Hieromartyr John is commemorated on the 12th of October
Poor little boy Janis
As a child, Janis had a humble duty of herding sheep. Throughout his life, he held on to the precious memories of gathering with his family to pray. Each day commenced with their presence in the same room, where his father would read a chapter from the New Testament. Following that, the children would join in reading aloud and singing prayers.
Janis possessed robust health and an enduring spirit. He often found solace in daydreaming and contemplation. Notably, his ability to learn quickly stood out. At the tender age of nine, despite hailing from a modest family that couldn’t afford primary school, he secured a place in a secondary school. His teachers quickly recognized his talents, and it was a local priest who suggested he enter the seminary.
A Man of Iron Will
In the year 1900, John Pommers, a 24-year-old alumnus of the Riga Theological Seminary, received acceptance into the prestigious Kiev Theological Academy. It was there that he felt the calling to become a monk. He took it upon himself to write a heartfelt letter to St. John of Kronstadt and received his blessing.

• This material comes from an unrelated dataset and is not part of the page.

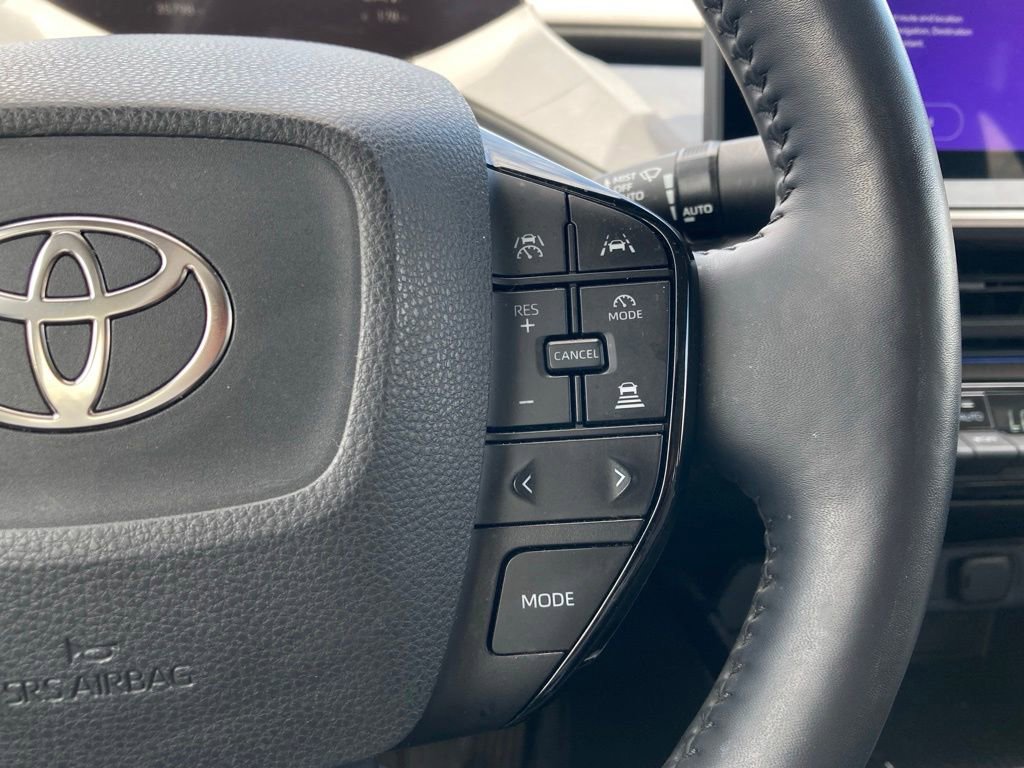 Used 2023 Toyota Prius Limited w/ Limited Premium Package FWD image 17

From 1907 to 1912, Archimandrite John took on the role of rector at the Holy Trinity Monastery and simultaneously served as the head of the Vilna Theological Seminary. Described as a man of unwavering determination, he possessed exceptional organizational skills, making him competent in handling diverse tasks. In due course, Archimandrite John was ordained as a bishop.
“They Have Inserted Marx in the Binding of the Gospel”
Starting in 1917, St. John began serving in the Tver diocese, a region where the Renewalists had previously attempted to gain control of numerous churches. St. John voiced his concerns about them with deep conviction, saying, “They have blended Marx into the very essence of the Gospel, believing that people will embrace it in place of the Word of God. They’ve adorned their commissars in sacred attire, assuming that the Orthodox faithful will recognize them as their shepherds and follow suit. They’ve replaced the image of Christ with Lenin’s portrait, anticipating veneration from the masses.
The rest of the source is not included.